### What you should do:
Once the line with "an open box" is found in the data, output it and each following line exactly, up to and including the line with "Floral-patterned scarf draped", and nothing before or after.

### Dataset extract:
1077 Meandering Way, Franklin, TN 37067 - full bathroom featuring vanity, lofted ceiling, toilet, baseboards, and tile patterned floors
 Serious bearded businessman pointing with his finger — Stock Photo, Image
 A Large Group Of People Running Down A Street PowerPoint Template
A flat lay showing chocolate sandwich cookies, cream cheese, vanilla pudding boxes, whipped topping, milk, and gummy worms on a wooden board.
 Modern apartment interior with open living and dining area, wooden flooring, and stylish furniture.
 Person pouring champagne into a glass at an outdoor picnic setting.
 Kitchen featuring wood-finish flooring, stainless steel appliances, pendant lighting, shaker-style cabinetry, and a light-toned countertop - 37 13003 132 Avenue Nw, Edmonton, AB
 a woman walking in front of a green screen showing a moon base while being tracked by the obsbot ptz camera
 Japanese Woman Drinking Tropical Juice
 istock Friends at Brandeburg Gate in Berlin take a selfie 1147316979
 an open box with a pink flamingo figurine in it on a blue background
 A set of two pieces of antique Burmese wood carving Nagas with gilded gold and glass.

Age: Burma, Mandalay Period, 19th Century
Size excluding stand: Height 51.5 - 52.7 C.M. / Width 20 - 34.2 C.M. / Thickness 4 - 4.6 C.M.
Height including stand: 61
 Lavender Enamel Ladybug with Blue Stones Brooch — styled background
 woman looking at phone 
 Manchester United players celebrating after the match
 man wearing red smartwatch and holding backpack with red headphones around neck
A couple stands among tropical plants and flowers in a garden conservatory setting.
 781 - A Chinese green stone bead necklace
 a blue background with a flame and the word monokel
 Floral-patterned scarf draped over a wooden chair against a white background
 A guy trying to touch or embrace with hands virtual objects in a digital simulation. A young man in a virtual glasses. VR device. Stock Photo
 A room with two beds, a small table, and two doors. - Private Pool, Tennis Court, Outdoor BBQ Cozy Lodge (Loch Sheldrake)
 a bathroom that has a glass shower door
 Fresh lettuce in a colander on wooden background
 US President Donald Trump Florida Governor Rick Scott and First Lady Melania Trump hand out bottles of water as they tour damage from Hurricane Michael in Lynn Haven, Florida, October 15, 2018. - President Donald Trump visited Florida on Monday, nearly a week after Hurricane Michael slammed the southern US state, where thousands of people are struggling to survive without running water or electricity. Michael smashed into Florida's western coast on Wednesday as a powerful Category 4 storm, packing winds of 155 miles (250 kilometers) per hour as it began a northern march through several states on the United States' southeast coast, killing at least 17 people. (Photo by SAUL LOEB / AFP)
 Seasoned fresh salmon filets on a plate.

### Expected answer:
 an open box with a pink flamingo figurine in it on a blue background
 A set of two pieces of antique Burmese wood carving Nagas with gilded gold and glass.

Age: Burma, Mandalay Period, 19th Century
Size excluding stand: Height 51.5 - 52.7 C.M. / Width 20 - 34.2 C.M. / Thickness 4 - 4.6 C.M.
Height including stand: 61
 Lavender Enamel Ladybug with Blue Stones Brooch — styled background
 woman looking at phone 
 Manchester United players celebrating after the match
 man wearing red smartwatch and holding backpack with red headphones around neck
A couple stands among tropical plants and flowers in a garden conservatory setting.
 781 - A Chinese green stone bead necklace
 a blue background with a flame and the word monokel
 Floral-patterned scarf draped over a wooden chair against a white background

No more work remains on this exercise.